[Start of section]

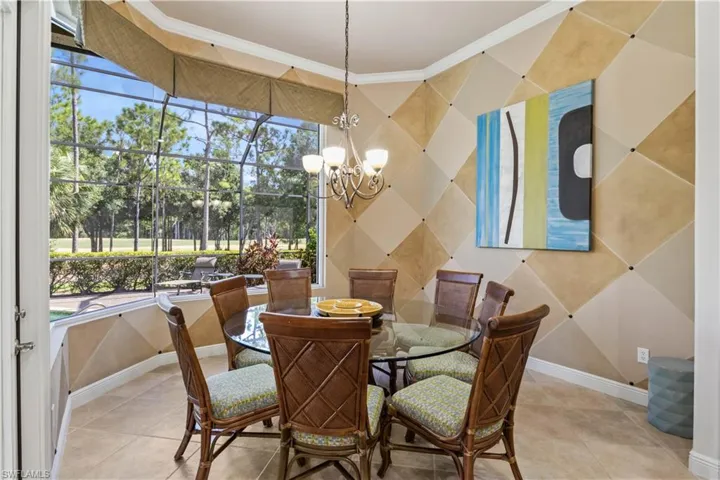 Dining area featuring crown molding, light tile patterned floors, and an inviting chandelier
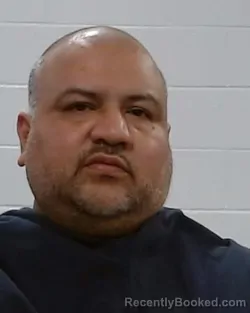 Mugshot of Jr Mendoza booked in Collin County, Texas on March 26, 2026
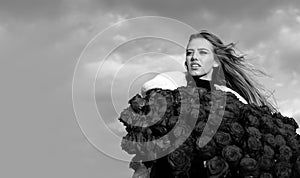 Beautiful woman with blooming rose flowers. Girl with rose bouquet outdoor.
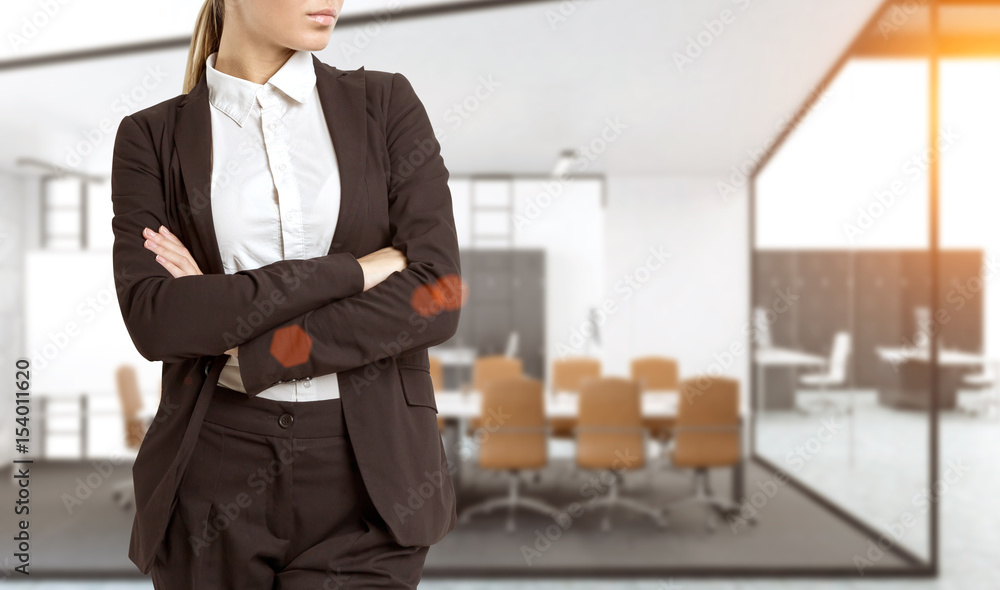 Fototapeta premium Confident woman in office hall, close up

[End of section]

- _WHAT IS REQUIRED_: With the pictures left out, return all the material above exactly.

- _WRITTEN ANSWER_:
 Dining area featuring crown molding, light tile patterned floors, and an inviting chandelier
 Mugshot of Jr Mendoza booked in Collin County, Texas on March 26, 2026
 Beautiful woman with blooming rose flowers. Girl with rose bouquet outdoor.
 Fototapeta premium Confident woman in office hall, close up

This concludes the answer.